Let’s look at an example. Two recent rail projects in Germany involved building two new mainline stations: one in Berlin and one in Stuttgart. One project was a huge success; the other ran into deep difficulties. The projects were run by the same organization, Deutsche Bahn (German Railway). They used the same methodologies and approaches and even the same project manager. So why was the work successful in one city and unsuccessful in another?
The Berlin main station was a green field project using open space that used to signify the gap between East and West Berlin. It was possible to build there without having to take local stakeholders into much consideration. Stuttgart station was built in the middle of a city, where it was necessary to heavily involve local stakeholders, especially as people became afraid for their homes when the tunneling started. The project manager was not prepared to engage with local stakeholders and essentially that is what caused the crisis for that project. A lack of situational awareness and situational leadership led to local disruption that cost the project significantly.

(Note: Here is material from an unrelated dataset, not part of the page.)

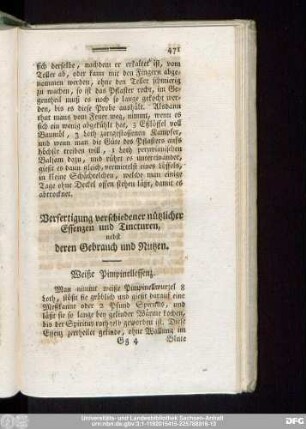 Verfertigung verschiedener nützlicher Essenzen und Tincturen, nebst deren Gebrauch und Nutzen.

How to Make A Situational Assessment
If you find yourself in a situation that is changing on your project, take a moment to ground yourself and reflect. Ask yourself: What is the situation that I’m currently in? Think about the project, the problem you are facing and the wider project environment. Consider the requirements of the situation on you as the project manager, on the project sponsor and on other important stakeholders.
Can you explain your behavior? Make sure that if someone asked you to write down why you made those choices and used that behavior that you could justify it. It’s especially important to check that you aren’t emotional and to consider the causes and purposes of your behavior.
Are these choices compliant with the needs of the project? Finally, check that you are making decisions in this situation that are allowed within the context of your work. Consider regulation, the requirements of your customer and manager, and the normal practices that would be expected in this situation.
Situational Leadership: Team Development
Situational leadership is a great way to develop your team as well. Think about how you are going to support the learning needs of your project team members, the ones that make up your core team. Like any other team manager, these people are your leadership team.
Leadership team development is about giving your core project team the skills they need to perform their assigned activities on the project, and you as a situational leader will be able to judge what is required at any given moment in time.
One of the primary things to focus on is helping to reduce complacency across the team. When they have done something before and have been successful, a situational leader will challenge them by asking if it be successful this time. Don’t let your team fail because they fail to be situationally aware.
Making An Ethical Situational Assessment
Assessing the situation on a project means being aware of shades of gray, which you have probably experienced on your own projects.
There’s one moment where you have to be very firm in your beliefs and that’s when the situation is about your professional integrity. When it comes to questions of bribery, corruption, or discrimination based on gender, on skin color, religion, or whatever it is, you should be “unsituational”.
Use your knowledge of the Project Management Institute (PMI)® Code of Ethics and Professional Conduct to help guide you in making the right decision, or talk to your mentor or another professional associate you trust for advice.
Developing Your Situational Awareness
The more experience you have as a project manager, the easier it will be for you to make appropriate judgments when dealing with changing situations on your projects. However, solid training is a good shortcut for this when you don’t have time to wait until you’ve gained 30 years of practical experience.